The results of this study support findings from prior investigations on non-surgical patients with chronic kidney disease, cardiac disease, and within the general population.5–7 The relationship between serum phosphate levels and mortality is not well understood. Increasing evidence, however, supports a role for phosphate in the pathogenesis of medial and intimal calcification.16,17 For example, Ix et al evaluated the effect of serum phosphate on arterial calcification in patients with normal to moderate kidney function and found elevated serum levels were strongly associated with non-compressible vessels and increased ankle-brachial index after adjusting for renal function and cardiovascular risk factors. The authors suggest that increased cardiovascular events might be explained by increased arterial stiffness related to medial artery calcification.18 In the CARDIA study, Foley et al, also demonstrated that elevated serum phosphate levels were associated with coronary artery calcification in patients without a history of renal dysfunction.7 And in patients with peripheral arterial disease, calcification has been associated with increased rates of amputation and mortality, further supporting the hypothesis that decreased amputation free survival among patients with elevated phosphate may be related to increased arterial calcification.19, 20
The increased mortality in patients with hyperphosphatemia is demonstrated in multiple studies of patients with end-stage renal disease.21,22 Despite these findings, it remains possible that increased serum phosphate levels may reflect advanced coronary or renal disease. To further evaluate the impact of these factors on mortality, we performed a stratified analysis of dialysis and non-dialysis patients, adjusting for cardiac risk factors. This revealed a similar effect on mortality for both populations, suggesting that elevated serum phosphate levels have a detrimental effect on survival, independent of both renal and cardiac disease. Similarly, when glomerular filtration rate was included in the model, the effect on mortality remained. These findings support previous studies that demonstrated similar effects among patients without renal dysfunction. Dhingra et al described the effect of hyperphosphatemia on cardiovascular events in a large prospective study of Framingham offspring and found a significant association between elevated serum phosphate levels and increased risk of cardiovascular disease among individuals free of chronic kidney or cardiovascular disease in the community.8
The role of serum phosphate levels in heterotopic calcification has only recently been explored. Arterial calcification is a complex process promoted through an imbalance between endogenous stimulators and inhibitors.17 Vascular smooth muscle cells respond to increased phosphate levels by undergoing osteochondrogenic differentiation with subsequent mineralization of the extracellular matrix.

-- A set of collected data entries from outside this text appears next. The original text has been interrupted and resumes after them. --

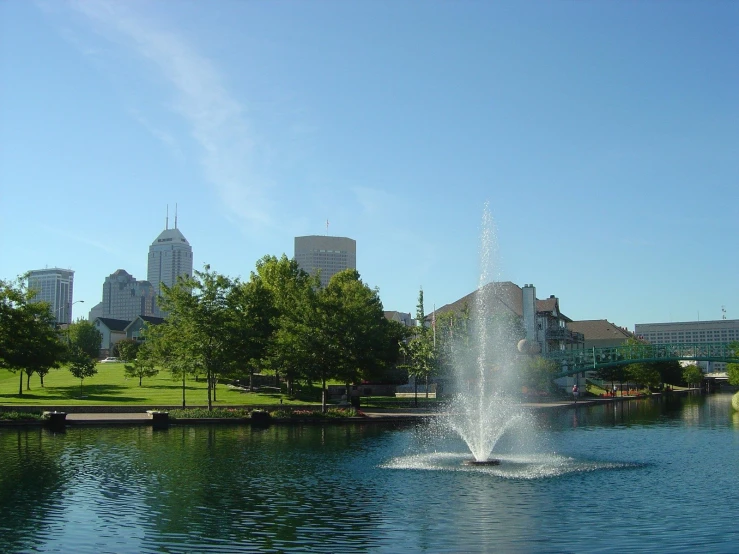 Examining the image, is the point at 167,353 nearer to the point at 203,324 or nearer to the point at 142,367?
the point at 203,324

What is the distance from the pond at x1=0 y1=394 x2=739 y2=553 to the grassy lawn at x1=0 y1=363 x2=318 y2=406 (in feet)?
55.5

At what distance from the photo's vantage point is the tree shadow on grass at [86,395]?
202 feet

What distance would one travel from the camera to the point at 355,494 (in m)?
25.2

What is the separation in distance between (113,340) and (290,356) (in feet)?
443

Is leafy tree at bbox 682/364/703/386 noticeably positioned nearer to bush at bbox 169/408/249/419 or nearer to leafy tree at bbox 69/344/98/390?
leafy tree at bbox 69/344/98/390

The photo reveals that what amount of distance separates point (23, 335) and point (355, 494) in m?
44.7

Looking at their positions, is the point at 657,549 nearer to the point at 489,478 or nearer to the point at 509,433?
the point at 489,478

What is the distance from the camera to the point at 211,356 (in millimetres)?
55781

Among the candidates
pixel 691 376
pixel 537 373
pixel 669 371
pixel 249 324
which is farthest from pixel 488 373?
Result: pixel 691 376

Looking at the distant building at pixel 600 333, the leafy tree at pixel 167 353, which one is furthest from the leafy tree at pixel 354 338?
the distant building at pixel 600 333

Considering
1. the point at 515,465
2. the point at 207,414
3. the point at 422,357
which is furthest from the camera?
the point at 422,357

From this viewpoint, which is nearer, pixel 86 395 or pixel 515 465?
pixel 515 465

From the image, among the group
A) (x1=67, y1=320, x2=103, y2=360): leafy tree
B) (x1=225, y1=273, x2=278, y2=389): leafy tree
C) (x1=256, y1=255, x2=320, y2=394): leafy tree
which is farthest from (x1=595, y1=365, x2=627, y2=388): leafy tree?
(x1=67, y1=320, x2=103, y2=360): leafy tree

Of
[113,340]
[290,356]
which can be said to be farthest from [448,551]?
[113,340] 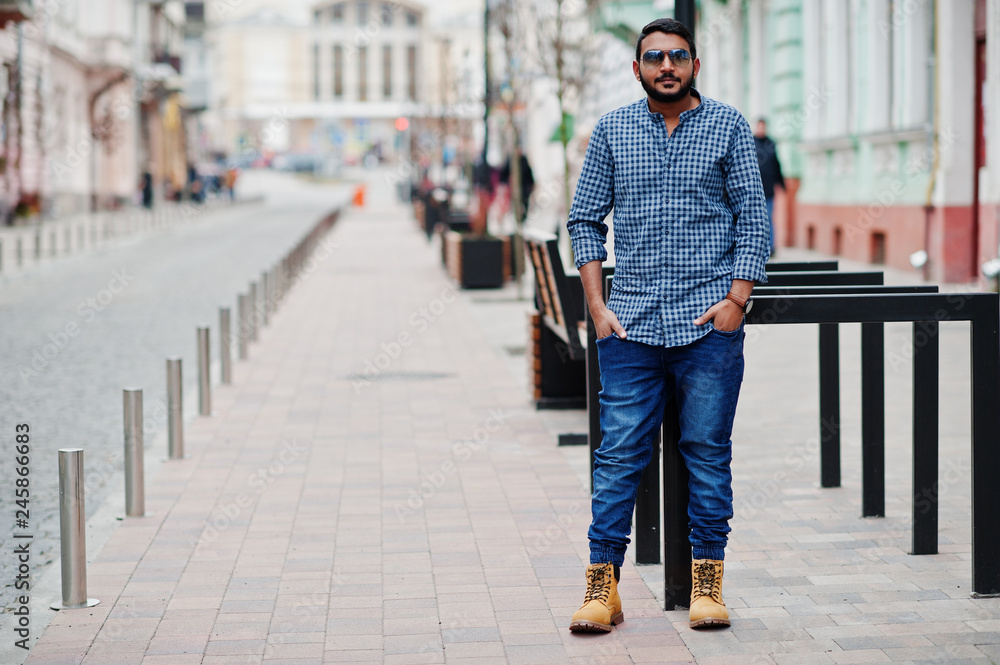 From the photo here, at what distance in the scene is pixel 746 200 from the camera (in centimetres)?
429

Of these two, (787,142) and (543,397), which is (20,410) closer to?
(543,397)

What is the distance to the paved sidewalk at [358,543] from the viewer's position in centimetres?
439

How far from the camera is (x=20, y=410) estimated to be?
934 cm

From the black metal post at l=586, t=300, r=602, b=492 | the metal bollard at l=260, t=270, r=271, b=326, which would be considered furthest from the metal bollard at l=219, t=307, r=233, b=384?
the black metal post at l=586, t=300, r=602, b=492

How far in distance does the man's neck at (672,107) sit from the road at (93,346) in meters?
2.86

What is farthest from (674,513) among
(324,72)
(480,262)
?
(324,72)

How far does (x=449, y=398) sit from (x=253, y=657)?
5.36m

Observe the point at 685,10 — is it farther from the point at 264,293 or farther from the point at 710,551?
the point at 264,293

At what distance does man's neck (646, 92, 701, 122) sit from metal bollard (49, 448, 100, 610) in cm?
220

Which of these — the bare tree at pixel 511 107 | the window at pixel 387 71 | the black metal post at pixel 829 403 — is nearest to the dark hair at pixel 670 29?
the black metal post at pixel 829 403

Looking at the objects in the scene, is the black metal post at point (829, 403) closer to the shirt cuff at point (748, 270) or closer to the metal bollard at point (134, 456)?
the shirt cuff at point (748, 270)

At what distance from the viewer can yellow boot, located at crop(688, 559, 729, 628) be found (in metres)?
4.41

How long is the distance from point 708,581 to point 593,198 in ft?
4.17

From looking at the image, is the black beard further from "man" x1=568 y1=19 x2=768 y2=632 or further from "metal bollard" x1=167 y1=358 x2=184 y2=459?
"metal bollard" x1=167 y1=358 x2=184 y2=459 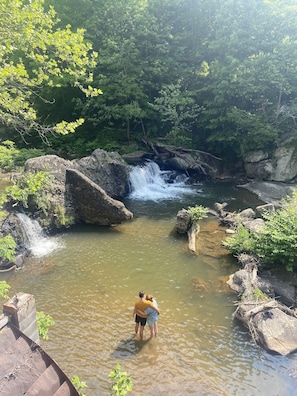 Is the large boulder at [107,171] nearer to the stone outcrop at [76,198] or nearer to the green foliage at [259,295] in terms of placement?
the stone outcrop at [76,198]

This process can be amplified by cytokines that increase the expression of sodium dependent phosphate co-transporters in the smooth muscle cells thus increasing their susceptibility to calcification.17 The presence of coronary and tibial artery calcification is associated with increased cardiovascular events, lower extremity amputation, and death.20, 23–25 Currently, dietary phosphate restriction, oral phosphate binders, and Vitamin D (1,25) supplementation are the primary treatment approaches to hyperphosphatemia.26 Historically, treatment was limited to patients on hemodialysis, however recent guidelines now also recommend treatment for patients with chronic kidney disease due to the associated adverse outcomes of untreated hyperphosphatemia.12 Clinical trials have shown phosphate binders to be successful in reducing serum phosphate levels, as well as secondary hyperparathyroid hormone and FGF-23, which occur in conjunction with hyperphosphatemia.26 The efficacy of phosphate reduction on improving overall mortality, however, is unknown and large clinical trials have yet to evaluate the effect of serum phosphate reduction on mortality.12, 27, 28
Decreased amputation free survival associated with hyperphosphatemia may have important clinical implications for the treatment of patients with critical limb ischemia. Our results suggest that peri-operative serum phosphate levels provide valuable prognostic information regarding patient mortality and amputation free survival. This study also highlights the need to identify phosphate management strategies in patients with critical limb ischemia even when concurrent renal dysfunction is not present. While hyperphosphatemia is commonly treated among patients on hemodialysis, current management guidelines now emphasize the importance of maintaining normal phosphate levels in those with earlier states of renal disease.12 Measurement of serum phosphate in the perioperative period may thus provide an opportunity to identify those patients at elevated risk. Finally, our data provides a clinical rational for further investigations on the role of phosphate in long-term outcomes of CLI patients.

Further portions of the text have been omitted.